EXERCISE INSTRUCTIONS ->
Return all of the data below verbatim and exclude every picture.

PROVIDED MATERIAL ->
::::::::::
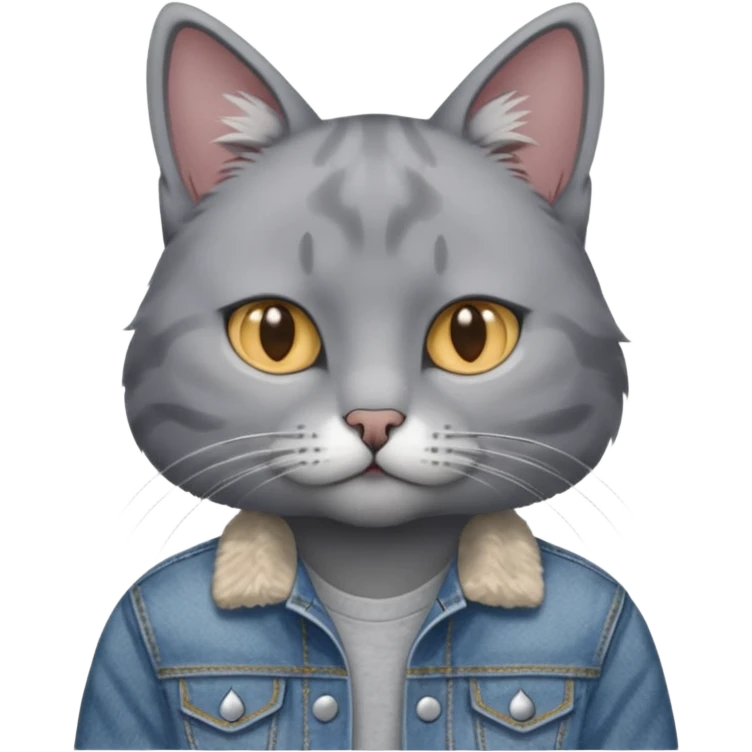 Gray cat with calm eyes, half body, jean jacket emoji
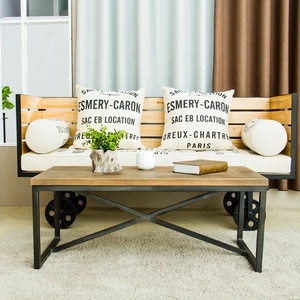 Sofá de madera con ruedas para restaurante, mueble de 3 asientos con silla de madera, asientos de cafetería, pedido personalizado - Product Image 2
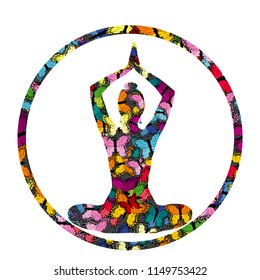 Colorful yoga icon with silhouette of a girl sitting in a lotus pose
::::::::::
FINISHED TASK ->
 Gray cat with calm eyes, half body, jean jacket emoji
 Sofá de madera con ruedas para restaurante, mueble de 3 asientos con silla de madera, asientos de cafetería, pedido personalizado - Product Image 2
 Colorful yoga icon with silhouette of a girl sitting in a lotus pose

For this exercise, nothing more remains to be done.